West Bromwich Building Society is set to be confronted by its investors, who claim the society is still ignoring them a year after devaluing their shares in a bid to keep the organisation going.
A week ago, West Bromwich said it was starting to turn the corner, with losses receding after a year that saw it come close to collapse.
To save the company, it eventually took the controversial step of devaluing the return on its permanent interest bearing shares (PIBS) by issuing a new type of share called profit participating deferred shares (PPDSs).
But a group of small-time investors say the company mistreated them and cut the value of their investments without consultation – and they are planning to confront the management at the society’s AGM in July.
Peter Morgan, an accountant from Cheshire who put about £10,000 of his savings into buying PIBS as an investment, has put together a group of about 50 disgruntled WBBS investors.
He says they had not been consulted about the changes to investments that had previously been described as permanent.
He said the company had still not fully explained the decision to him or other small-scale investors in the year since the rescue plan.
“Obviously we will be bringing it up at the AGM,” he said. “We were hoping that it would be resolved by then, but there will be a number of us who are keen to say something.
“But I’m not optimistic for a result because they have this legal right apparently to do what they have done, although they have refused to release the advice. The main thing that we would have liked to have seen is for the deal to be amended so that it wasn’t so draconian.
“But the society has decided that it had the legal right to do this irrespective of any moral position.
“I don’t understand the mentality of the board.
“It’s not a huge sum and if they had foregone the interest for a couple of years to tide them over I think that wouldn’t have caused such a problem. ‘I think people would have accepted it.
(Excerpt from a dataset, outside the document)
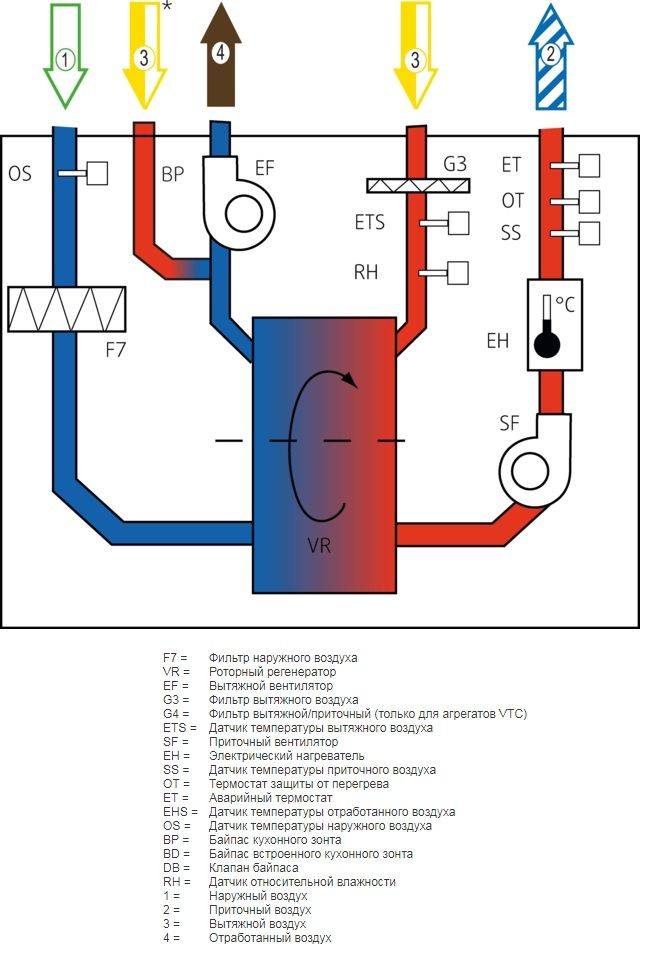 Изображение для товара Systemair SAVE VTR 300/B L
But what they have done, and the way they have done it, is just unacceptable, unpleasant and unnecessary.”
About £75 million worth of PIBS had originally been sold as an investment guaranteeing a fixed permanent return of more than six per cent.
But the decision to issue the PPDSs meant the original investment lost both the rate of return and their saleable values.
The society had to take action after racking up losses of nearly £40 million last year from disastrous investments in the stock market. He said the society had denied reports it was in financial trouble just a month before announcing the rescue plan.
And he said investors were trying to get action from the FSA to recover the money they had lost, either through a reorganisation of the company’s share arrangement, or through a compensation payment.
He said: “They want to sweep it under the carpet and move on but I think private investors have just been trampled on.
“The worrying thing is that the FSA has allowed this to happen.”
West Bromwich has defended the action it took last year, saying it had been necessary to retain any value at all for shareholders.
A spokeswoman said the society had no further comment to make.